Dia terlihat malu dan mengangguk, "gimana kabar mu?" Tanyanya.
"Baik dong." Jawab ku sambil mengacungkan jempol.
"Oh, iya gue denger Lo bakalan ikut olimpiade Biologi ya?" Tanyanya.
"Enggak. Aku ikut olimpiade matematika." Jawab ku.
Kak Seto manggut-manggut dan setelah itu memberikan bingkisan padaku.
"Selamat bergabung di SMA Meteorit." Ucapnya.
"Wahhhh, makasih banyak ya kak." Ucapku sambil menerima bingkisan tersebut.
"Kakak pamit duluan ya." Ucapnya sambil melambaikan tangan padaku.
Aku pun membalas dan berjalan menuju parkiran.
Dan di parkiran sudah ada Gino yang menunggu ku dengan tampang masamnya.
"Lo, adeknya Gino?" Tanya Sean tak percaya.
"Hehehe, iya." Aku cuma bisa nyengir.
Dimasa lalu Sean adalah cowok paling brengsek dalam kehidupan ku.
Kalau Regan adalah manusia yang ku suka tapi dia enggak suka aku wkwkwk.
Kalau Bian dia ganteng sih, tapi dia juga enggak suka aku. Jadi, dia enggak Jai ganteng di mataku.
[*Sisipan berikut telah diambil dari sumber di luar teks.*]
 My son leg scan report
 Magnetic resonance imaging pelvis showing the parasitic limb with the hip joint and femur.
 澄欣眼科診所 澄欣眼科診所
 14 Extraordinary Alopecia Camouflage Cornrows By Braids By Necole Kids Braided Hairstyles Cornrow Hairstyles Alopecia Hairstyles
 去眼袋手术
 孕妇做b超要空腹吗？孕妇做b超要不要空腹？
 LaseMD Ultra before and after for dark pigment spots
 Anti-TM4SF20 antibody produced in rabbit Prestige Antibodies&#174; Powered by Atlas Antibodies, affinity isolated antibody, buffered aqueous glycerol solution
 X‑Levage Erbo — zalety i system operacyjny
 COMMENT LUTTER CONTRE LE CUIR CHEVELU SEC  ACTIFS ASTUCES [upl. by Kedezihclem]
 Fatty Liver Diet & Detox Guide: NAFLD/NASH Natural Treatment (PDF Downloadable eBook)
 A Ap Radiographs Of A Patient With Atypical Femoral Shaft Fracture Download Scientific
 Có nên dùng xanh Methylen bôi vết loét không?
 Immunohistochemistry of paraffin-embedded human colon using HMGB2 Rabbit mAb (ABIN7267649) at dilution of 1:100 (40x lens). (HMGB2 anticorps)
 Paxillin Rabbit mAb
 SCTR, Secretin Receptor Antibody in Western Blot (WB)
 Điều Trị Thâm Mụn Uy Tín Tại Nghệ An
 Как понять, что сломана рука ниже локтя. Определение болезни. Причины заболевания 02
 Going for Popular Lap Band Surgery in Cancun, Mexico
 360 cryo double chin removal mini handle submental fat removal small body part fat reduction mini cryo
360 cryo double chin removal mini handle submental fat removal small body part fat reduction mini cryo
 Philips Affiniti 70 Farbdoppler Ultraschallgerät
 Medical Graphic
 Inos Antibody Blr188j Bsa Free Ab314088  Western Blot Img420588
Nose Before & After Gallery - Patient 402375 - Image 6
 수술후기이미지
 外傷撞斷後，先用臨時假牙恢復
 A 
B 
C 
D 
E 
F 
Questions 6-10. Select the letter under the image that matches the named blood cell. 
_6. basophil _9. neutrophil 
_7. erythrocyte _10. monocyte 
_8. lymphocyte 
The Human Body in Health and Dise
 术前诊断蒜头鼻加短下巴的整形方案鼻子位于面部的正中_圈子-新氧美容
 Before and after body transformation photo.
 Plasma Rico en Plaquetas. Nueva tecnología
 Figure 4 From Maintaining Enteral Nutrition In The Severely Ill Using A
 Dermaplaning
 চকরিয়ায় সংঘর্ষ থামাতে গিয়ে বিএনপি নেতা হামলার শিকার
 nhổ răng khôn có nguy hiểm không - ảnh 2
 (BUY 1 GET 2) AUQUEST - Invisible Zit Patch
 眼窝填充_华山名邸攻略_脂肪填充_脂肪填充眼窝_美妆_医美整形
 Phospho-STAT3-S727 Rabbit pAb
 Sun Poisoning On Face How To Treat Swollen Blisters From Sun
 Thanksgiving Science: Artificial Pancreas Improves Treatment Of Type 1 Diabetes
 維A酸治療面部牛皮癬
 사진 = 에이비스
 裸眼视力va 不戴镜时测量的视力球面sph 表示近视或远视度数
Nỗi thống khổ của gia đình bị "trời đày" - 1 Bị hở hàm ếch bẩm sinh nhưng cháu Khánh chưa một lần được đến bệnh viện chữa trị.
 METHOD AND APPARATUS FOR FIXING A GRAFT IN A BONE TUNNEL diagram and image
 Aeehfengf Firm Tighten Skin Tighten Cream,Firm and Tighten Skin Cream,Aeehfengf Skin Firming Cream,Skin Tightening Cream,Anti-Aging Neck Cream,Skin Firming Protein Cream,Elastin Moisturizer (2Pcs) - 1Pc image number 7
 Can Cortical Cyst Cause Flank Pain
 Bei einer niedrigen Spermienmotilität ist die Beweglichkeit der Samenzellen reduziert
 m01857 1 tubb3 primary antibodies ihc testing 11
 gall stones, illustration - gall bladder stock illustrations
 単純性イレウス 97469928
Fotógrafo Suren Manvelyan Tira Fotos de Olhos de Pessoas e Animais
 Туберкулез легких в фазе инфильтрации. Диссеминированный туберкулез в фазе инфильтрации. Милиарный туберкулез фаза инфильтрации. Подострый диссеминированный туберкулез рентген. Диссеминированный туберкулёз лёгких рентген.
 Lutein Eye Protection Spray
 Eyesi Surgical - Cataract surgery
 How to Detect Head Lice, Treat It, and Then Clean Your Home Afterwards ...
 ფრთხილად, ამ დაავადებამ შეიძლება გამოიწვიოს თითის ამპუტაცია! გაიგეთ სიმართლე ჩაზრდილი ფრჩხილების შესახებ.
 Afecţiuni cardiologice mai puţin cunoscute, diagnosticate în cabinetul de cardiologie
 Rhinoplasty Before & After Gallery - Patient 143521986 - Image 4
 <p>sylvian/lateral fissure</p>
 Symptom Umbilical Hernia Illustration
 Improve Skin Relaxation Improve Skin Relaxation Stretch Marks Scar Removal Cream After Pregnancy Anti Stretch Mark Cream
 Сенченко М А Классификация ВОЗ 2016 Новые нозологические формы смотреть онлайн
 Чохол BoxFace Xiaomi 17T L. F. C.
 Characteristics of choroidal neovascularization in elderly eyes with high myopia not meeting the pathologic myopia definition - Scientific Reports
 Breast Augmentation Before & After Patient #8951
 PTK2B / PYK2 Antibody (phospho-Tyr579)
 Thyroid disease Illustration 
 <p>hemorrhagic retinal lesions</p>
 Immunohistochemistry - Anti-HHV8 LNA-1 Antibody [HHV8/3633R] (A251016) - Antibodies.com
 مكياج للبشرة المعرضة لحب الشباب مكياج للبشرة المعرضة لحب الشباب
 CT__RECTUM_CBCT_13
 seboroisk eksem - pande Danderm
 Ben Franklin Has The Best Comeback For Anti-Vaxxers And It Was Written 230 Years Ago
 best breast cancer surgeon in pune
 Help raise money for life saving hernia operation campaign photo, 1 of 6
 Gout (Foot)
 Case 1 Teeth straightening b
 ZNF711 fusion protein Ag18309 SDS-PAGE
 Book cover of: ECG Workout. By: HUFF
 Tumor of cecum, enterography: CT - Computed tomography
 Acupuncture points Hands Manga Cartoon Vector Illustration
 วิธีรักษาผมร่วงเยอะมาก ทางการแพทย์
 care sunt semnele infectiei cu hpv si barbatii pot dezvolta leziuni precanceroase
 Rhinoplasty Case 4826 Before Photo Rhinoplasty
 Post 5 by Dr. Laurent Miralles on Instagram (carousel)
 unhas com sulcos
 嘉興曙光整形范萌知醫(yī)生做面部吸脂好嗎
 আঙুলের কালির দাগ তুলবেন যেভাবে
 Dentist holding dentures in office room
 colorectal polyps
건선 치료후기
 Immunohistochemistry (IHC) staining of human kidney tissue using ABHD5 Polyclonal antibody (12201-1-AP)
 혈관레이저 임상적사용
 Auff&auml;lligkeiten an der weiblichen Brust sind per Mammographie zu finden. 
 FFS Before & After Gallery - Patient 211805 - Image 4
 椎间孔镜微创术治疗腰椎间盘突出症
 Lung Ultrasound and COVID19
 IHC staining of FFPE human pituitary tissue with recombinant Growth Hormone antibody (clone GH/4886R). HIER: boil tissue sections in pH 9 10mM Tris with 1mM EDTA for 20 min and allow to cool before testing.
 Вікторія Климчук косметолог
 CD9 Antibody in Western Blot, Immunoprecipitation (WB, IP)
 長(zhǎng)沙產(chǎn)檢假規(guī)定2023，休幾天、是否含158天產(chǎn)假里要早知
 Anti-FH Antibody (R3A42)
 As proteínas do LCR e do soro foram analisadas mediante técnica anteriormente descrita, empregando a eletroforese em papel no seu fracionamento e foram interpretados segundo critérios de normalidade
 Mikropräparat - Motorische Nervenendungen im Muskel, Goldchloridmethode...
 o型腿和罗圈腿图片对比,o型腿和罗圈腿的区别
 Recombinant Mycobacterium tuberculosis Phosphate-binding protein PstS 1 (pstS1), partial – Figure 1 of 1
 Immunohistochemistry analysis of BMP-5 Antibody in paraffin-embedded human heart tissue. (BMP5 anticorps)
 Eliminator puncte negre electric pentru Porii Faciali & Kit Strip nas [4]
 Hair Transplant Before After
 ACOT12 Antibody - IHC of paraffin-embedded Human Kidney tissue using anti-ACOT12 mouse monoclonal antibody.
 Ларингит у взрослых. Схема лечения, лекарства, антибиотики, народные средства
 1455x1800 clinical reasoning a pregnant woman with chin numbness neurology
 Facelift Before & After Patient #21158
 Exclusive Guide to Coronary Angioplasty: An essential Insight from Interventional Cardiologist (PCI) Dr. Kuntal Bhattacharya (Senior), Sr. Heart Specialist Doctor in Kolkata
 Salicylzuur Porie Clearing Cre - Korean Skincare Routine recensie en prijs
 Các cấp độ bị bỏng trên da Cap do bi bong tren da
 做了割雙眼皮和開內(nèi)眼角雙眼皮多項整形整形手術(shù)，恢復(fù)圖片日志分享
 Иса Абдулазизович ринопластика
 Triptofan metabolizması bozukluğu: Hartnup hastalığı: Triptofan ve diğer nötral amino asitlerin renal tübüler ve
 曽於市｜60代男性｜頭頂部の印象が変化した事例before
"Itu apaan di tangan Lo?" Tanya Gino yang membuat Regan, Asen, Bidan dan Regan melihat barang yang ku bawa.
"Oh ini." Ucap ku sambil mengangkatnya, "bingkisan dari kak Seto, sebagai ucapan selamat datang di SMA Meteorit." Jawab ku penuh semangat.
Ya, kak Seto menyukai ku. Aku tahu itu tapi aku pura-pura tak tahu. Jahat sih, tapi mau bagaimana lagi. Aku enggak mau merusak takdir indah miliknya.
"Lo kenal sama dia?" Selidik Asen.
Aku mengangguk, "dulu pernah ikut lomba debat bahasa Inggris sih." Jawab ku.
"Oh." Ucap mereka ber oh ria.
"Oh iya kenalin gue Asen. Dia Regan, Bian dan ini Morgan." Ucap Asen mengenalkan diri dan teman-temannya.
"Gina." Ucapku.
"Katanya Lo ikut olimpiade Biologi ya?" Tanya Bian tiba-tiba.
"Bu Welti nawarin sih. Tapi, aku lebih minat ke matematika." Jawabku.
Morgan menatap kearah ku dan aku balik menatapnya dengan pura-pura terlihat bingung.
Padahal aku yakin dia enggak percaya sama yang aku omongin. Jujur saja kalau inget tentang Morgan buat aku merinding njir.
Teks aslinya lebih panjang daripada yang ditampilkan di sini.